START THE DATA

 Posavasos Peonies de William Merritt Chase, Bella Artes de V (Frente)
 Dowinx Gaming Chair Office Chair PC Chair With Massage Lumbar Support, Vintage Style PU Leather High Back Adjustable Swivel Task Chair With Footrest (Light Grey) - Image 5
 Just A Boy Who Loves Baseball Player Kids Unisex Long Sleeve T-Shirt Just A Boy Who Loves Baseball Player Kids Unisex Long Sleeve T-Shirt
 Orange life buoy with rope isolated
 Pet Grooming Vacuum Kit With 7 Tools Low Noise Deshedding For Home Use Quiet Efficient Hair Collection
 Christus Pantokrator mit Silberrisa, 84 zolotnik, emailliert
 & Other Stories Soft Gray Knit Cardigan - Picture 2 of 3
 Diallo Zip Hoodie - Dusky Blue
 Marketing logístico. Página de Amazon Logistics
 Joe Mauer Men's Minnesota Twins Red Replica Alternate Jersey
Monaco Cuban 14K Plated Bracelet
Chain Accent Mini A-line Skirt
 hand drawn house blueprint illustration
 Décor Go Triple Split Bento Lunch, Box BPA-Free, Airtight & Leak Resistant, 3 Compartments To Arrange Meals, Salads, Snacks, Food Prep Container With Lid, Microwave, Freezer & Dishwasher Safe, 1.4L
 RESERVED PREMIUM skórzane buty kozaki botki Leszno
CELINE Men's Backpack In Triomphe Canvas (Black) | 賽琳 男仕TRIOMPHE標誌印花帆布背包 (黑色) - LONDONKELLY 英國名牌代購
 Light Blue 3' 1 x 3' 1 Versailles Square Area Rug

END THE DATA

WORK INSTRUCTION: Reproduce exactly the lines from the beginning of the entries above up to and including the line that contains "Décor Go Triple".

RESULT OF THIS TASK:
 Posavasos Peonies de William Merritt Chase, Bella Artes de V (Frente)
 Dowinx Gaming Chair Office Chair PC Chair With Massage Lumbar Support, Vintage Style PU Leather High Back Adjustable Swivel Task Chair With Footrest (Light Grey) - Image 5
 Just A Boy Who Loves Baseball Player Kids Unisex Long Sleeve T-Shirt Just A Boy Who Loves Baseball Player Kids Unisex Long Sleeve T-Shirt
 Orange life buoy with rope isolated
 Pet Grooming Vacuum Kit With 7 Tools Low Noise Deshedding For Home Use Quiet Efficient Hair Collection
 Christus Pantokrator mit Silberrisa, 84 zolotnik, emailliert
 & Other Stories Soft Gray Knit Cardigan - Picture 2 of 3
 Diallo Zip Hoodie - Dusky Blue
 Marketing logístico. Página de Amazon Logistics
 Joe Mauer Men's Minnesota Twins Red Replica Alternate Jersey
Monaco Cuban 14K Plated Bracelet
Chain Accent Mini A-line Skirt
 hand drawn house blueprint illustration
 Décor Go Triple Split Bento Lunch, Box BPA-Free, Airtight & Leak Resistant, 3 Compartments To Arrange Meals, Salads, Snacks, Food Prep Container With Lid, Microwave, Freezer & Dishwasher Safe, 1.4L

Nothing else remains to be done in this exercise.